WORK ITEM
There should be no pictures in your answer, only an exact copy of the lines from the one with "415 N Ave D, Humble, TX 77338 - Photo 5" through the end of the material.

*** Opening of SOURCE MATERIAL ***

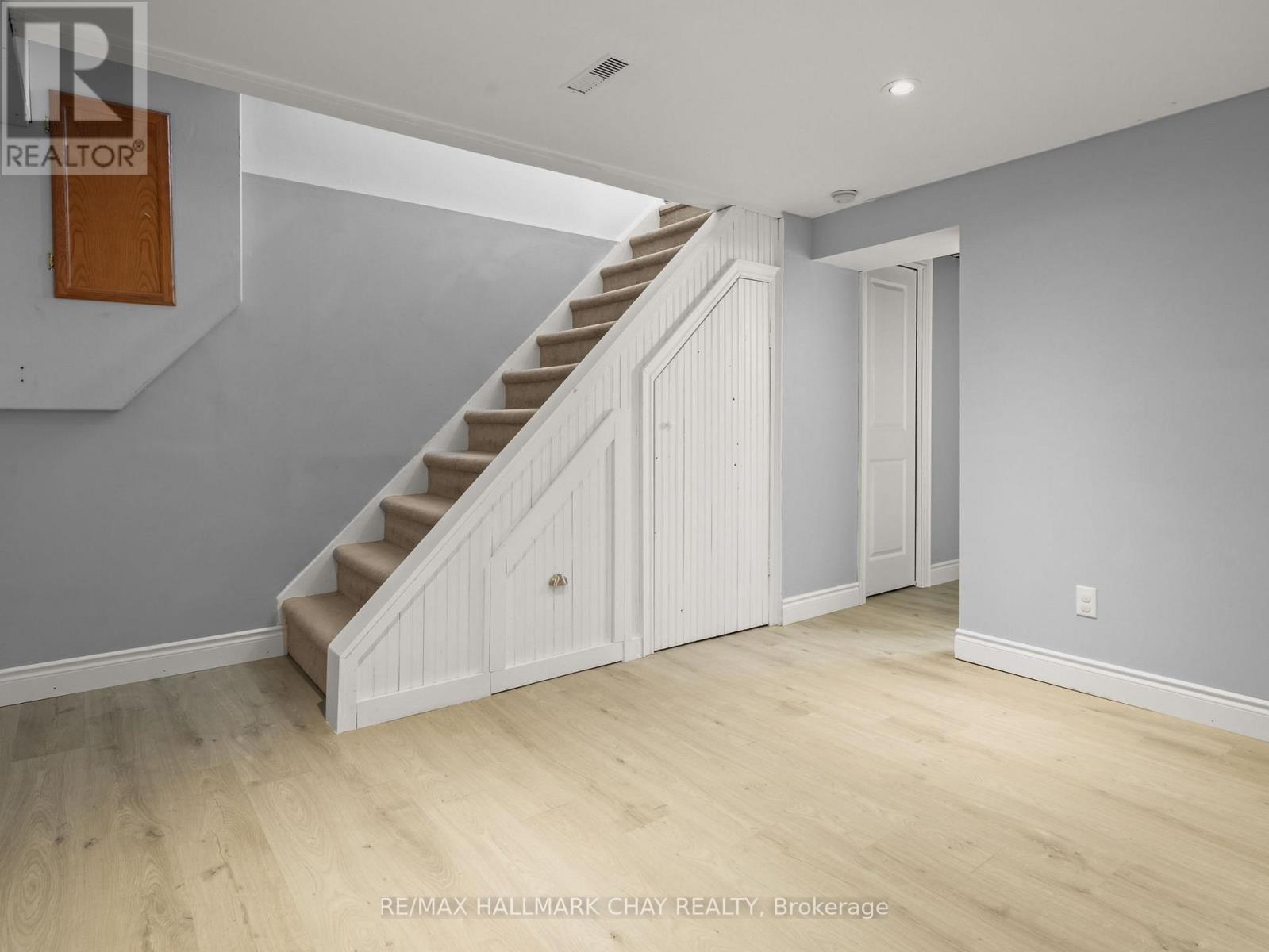 190 Mackenzie Street, New Tecumseth, Ontario  L9R 1B8 - Photo 28 - N12990106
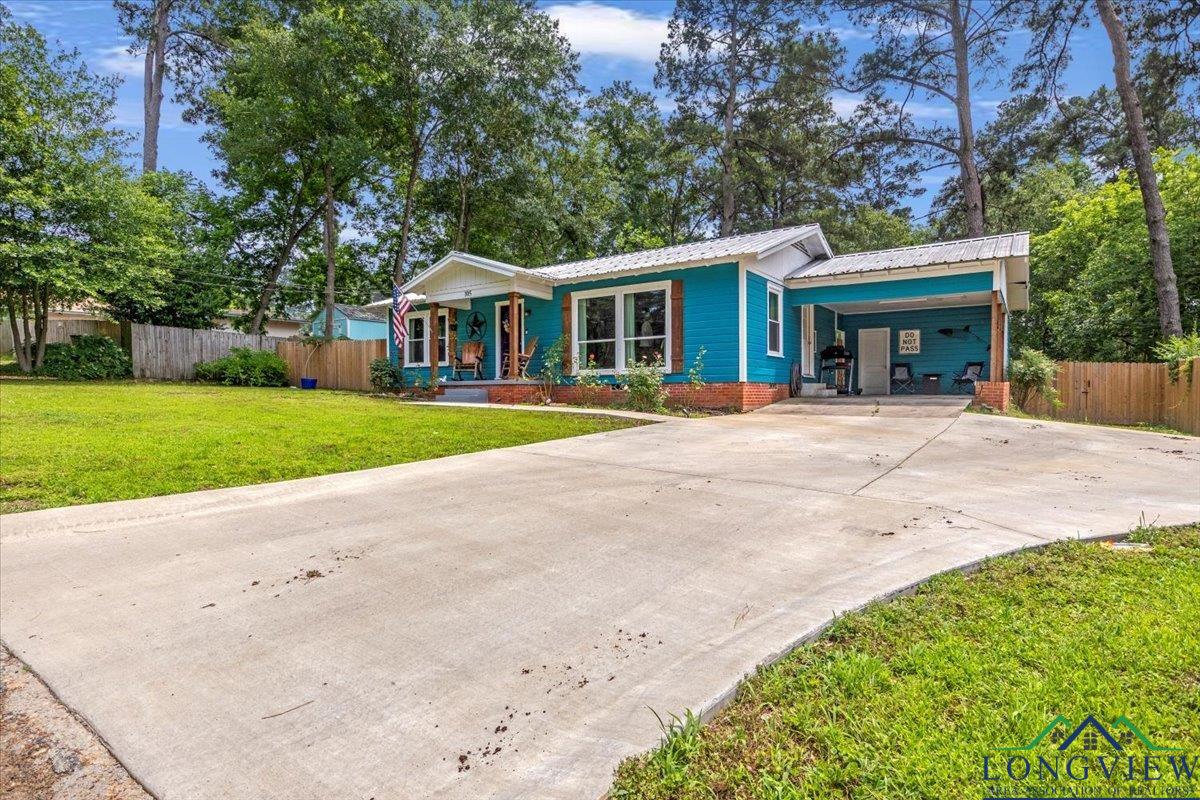 105 Brooksy St, Gilmer, Texas image 4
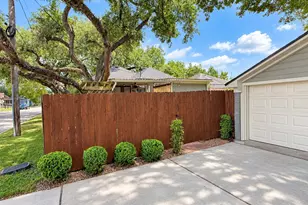 415 N Ave D, Humble, TX 77338 - Photo 5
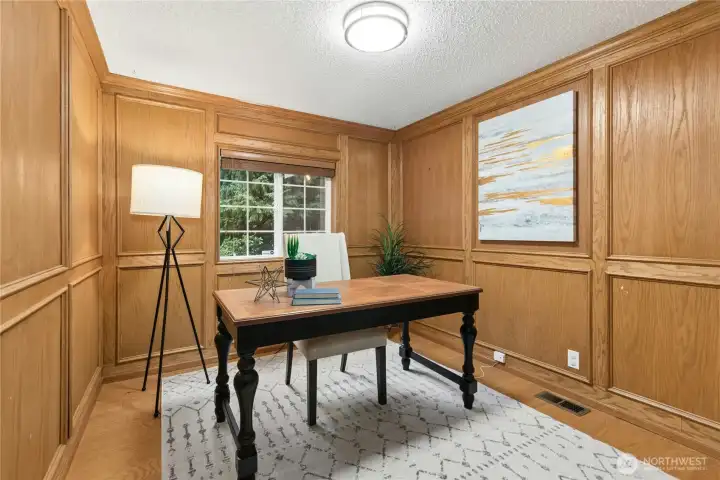 Office/den/optional 4 bedroom!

*** Close of SOURCE MATERIAL ***

TASK RESULT
 415 N Ave D, Humble, TX 77338 - Photo 5
 Office/den/optional 4 bedroom!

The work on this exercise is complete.